**EXERCISE:** Transcribe the listing below exactly, from its first line through the line with "Apartmenthäuser mit Tiefgarage". Omit the pictures.

**RAW DATA:**
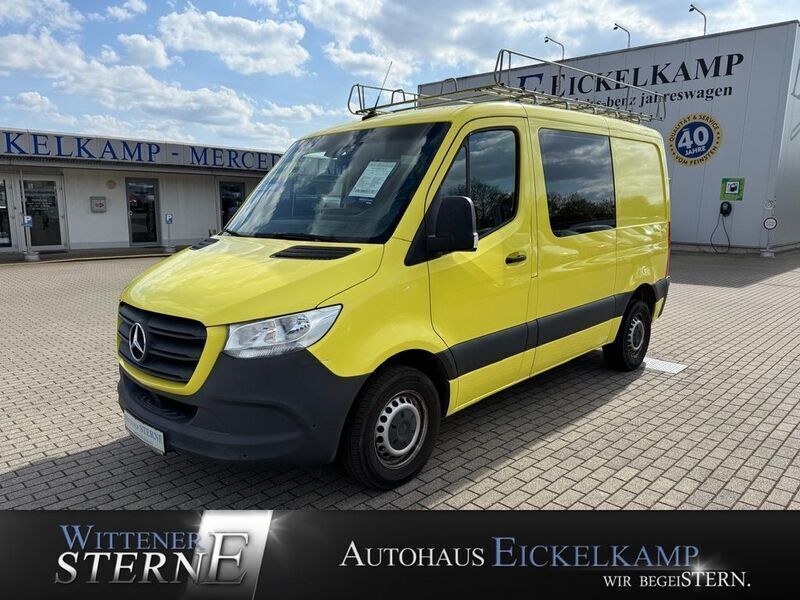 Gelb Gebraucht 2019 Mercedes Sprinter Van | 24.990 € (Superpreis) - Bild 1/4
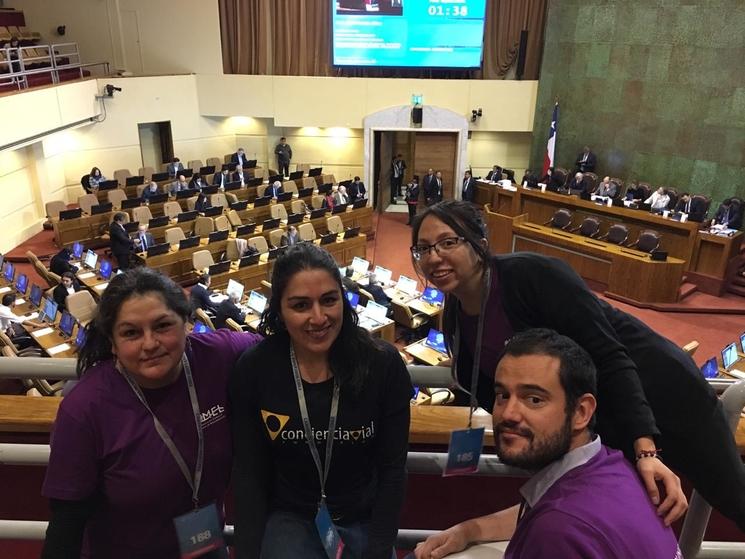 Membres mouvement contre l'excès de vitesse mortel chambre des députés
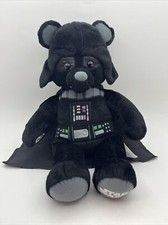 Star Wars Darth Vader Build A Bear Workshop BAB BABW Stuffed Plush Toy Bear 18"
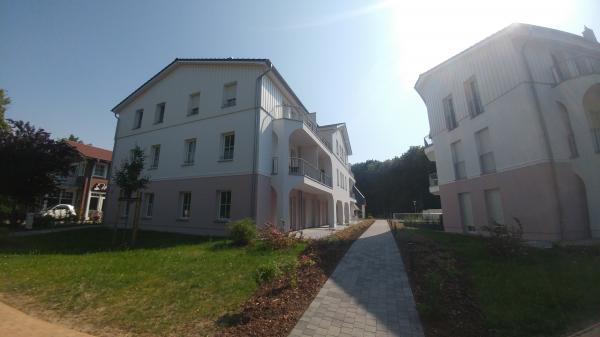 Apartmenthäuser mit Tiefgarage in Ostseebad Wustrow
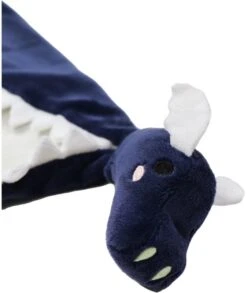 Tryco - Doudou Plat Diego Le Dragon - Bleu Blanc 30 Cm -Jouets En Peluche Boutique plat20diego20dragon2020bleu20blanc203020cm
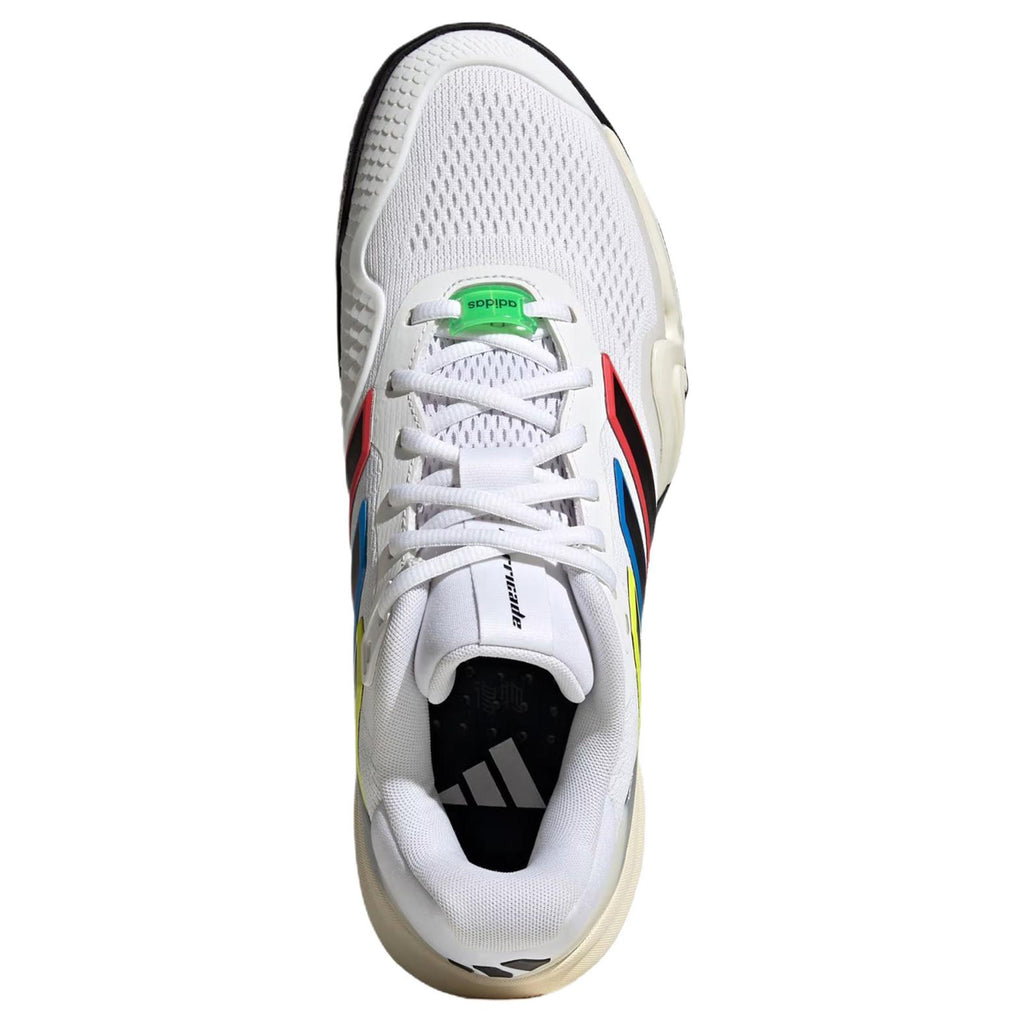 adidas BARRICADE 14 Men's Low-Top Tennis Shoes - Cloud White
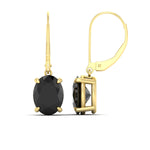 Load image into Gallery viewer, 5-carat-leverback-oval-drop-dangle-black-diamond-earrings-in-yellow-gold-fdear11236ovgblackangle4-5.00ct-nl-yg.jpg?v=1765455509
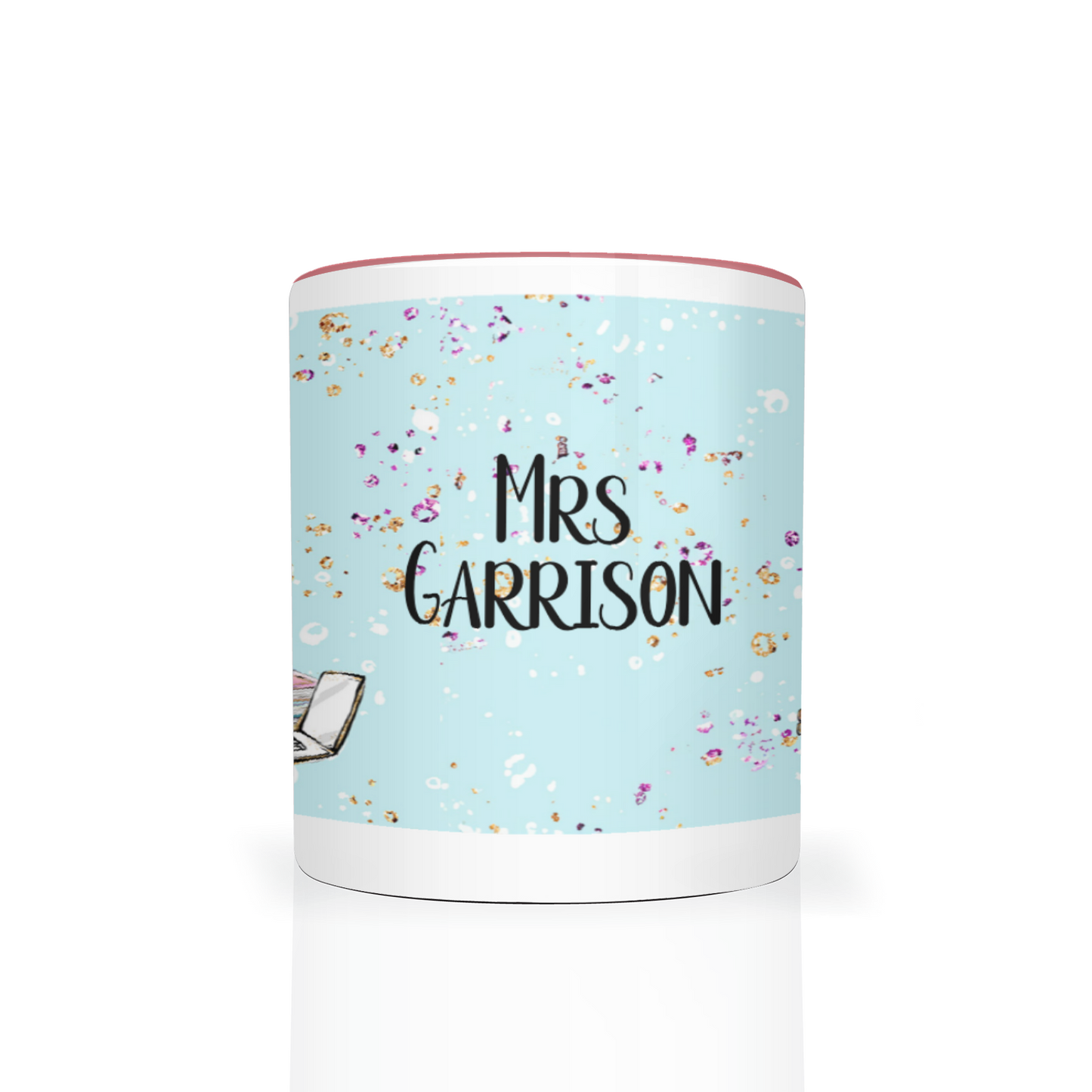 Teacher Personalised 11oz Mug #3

**RESULT OF THE TASK:**
 Gelb Gebraucht 2019 Mercedes Sprinter Van | 24.990 € (Superpreis) - Bild 1/4
 Membres mouvement contre l'excès de vitesse mortel chambre des députés
 Star Wars Darth Vader Build A Bear Workshop BAB BABW Stuffed Plush Toy Bear 18"
 Apartmenthäuser mit Tiefgarage in Ostseebad Wustrow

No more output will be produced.